Он подумал о том, что если бы таким людям внушить иную веру, любовь к свободе, к правам гражданина, никакой силе их не сломить. Однако он этого не сказал, чтобы не разгневать Семена Романовича.

— Самодержавием держится государство, — продолжал Воронцов, — но горе народу, если самодержец тиран и дает свободу низменным страстям своих приближенных. Лейб-медик императора Роджерсон говорил мне, что Павел не сумасшедший в полном смысле слова: он сознавал опасность своего положения, он читал историка Юма и делал выписки из истории Карла I, казненного Кромвелем… У Павла было то же, что у Карла Стюарта: в речах — ум и рассудительность, в поступках — безрассудство, почти безумие…

— Тогда можно было поступить так, как сейчас в Англии. Здесь сумасшедший король не царствует. Можно было учредить регентство…

— Регентство в России повело бы к междоусобице, а может быть — ко второй пугачевщине, к бунту… В Петербурге были полки, верные Павлу. А ежели бы кто кликнул клич, что дворянство заточило Павла за его желание дать волю крепостным?

— Не знаю. Мне не по нутру дело одиннадцатого марта… Уж лучше бы судили и осудили, как Карла I или Людовика XVI.

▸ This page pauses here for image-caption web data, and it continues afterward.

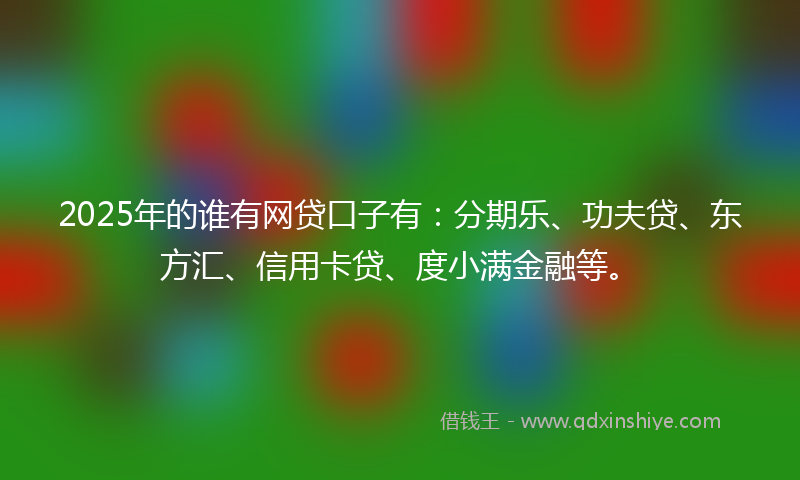 2025年的谁有网贷口子有：分期乐、功夫贷、东方汇、信用卡贷、度小满金融等。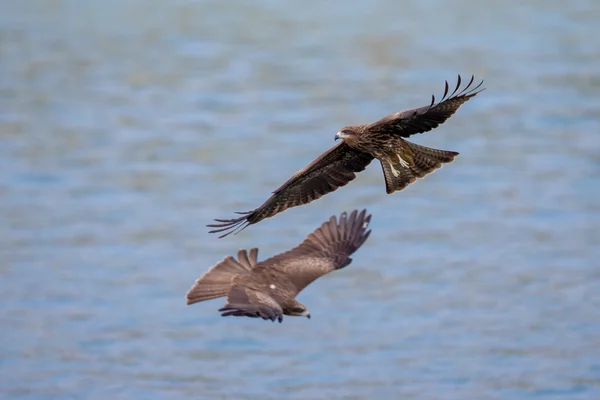 Två Brun glada (Milvus migrans) flygande — Stockfoto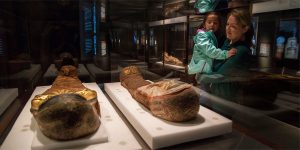 Field Museum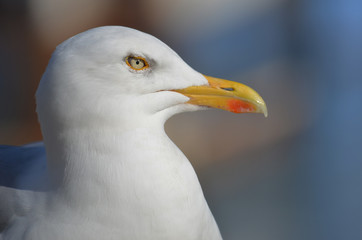 Head gulls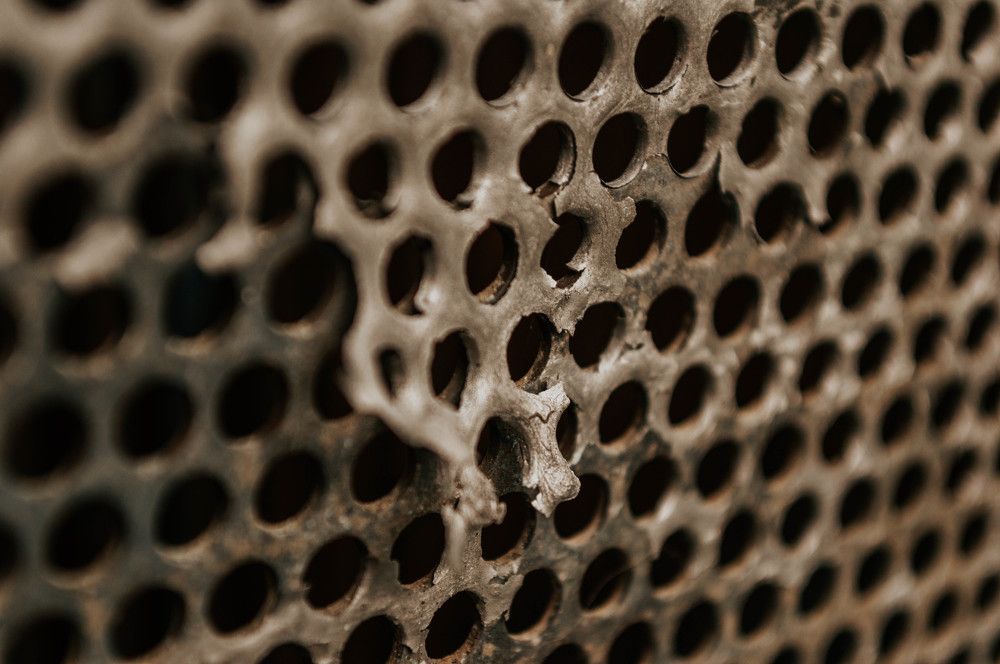 Photograph by Анна Петрова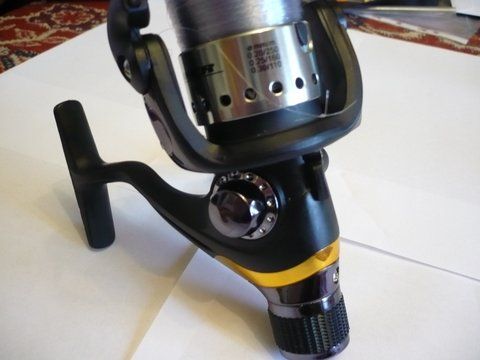 poza Winner SENSOR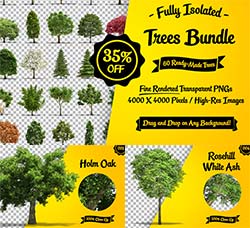 59张高清透明的树木图片：Fully Isolated Trees Bundle - 60 pcs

Тут Семен Романович рассердился, что с ним бывало редко:

— Вот они, плоды якобинства! Как можно говорить так и притом носить эполеты? В своем ли вы уме, Александр Платонович?

Он даже привстал и, запахнувшись в халат, грозно смотрел на Можайского.

— По вашем отъезде, три года назад, Касаткин принес мне гравюру, которую нашли в комнате вашей, — изображение казни Людовика… Под гравюрой была подпись, сделанная вашей рукой: «Таков удел тиранов». Хорошо, что сия мерзкая картинка попалась на глаза Касаткину, а не слугам.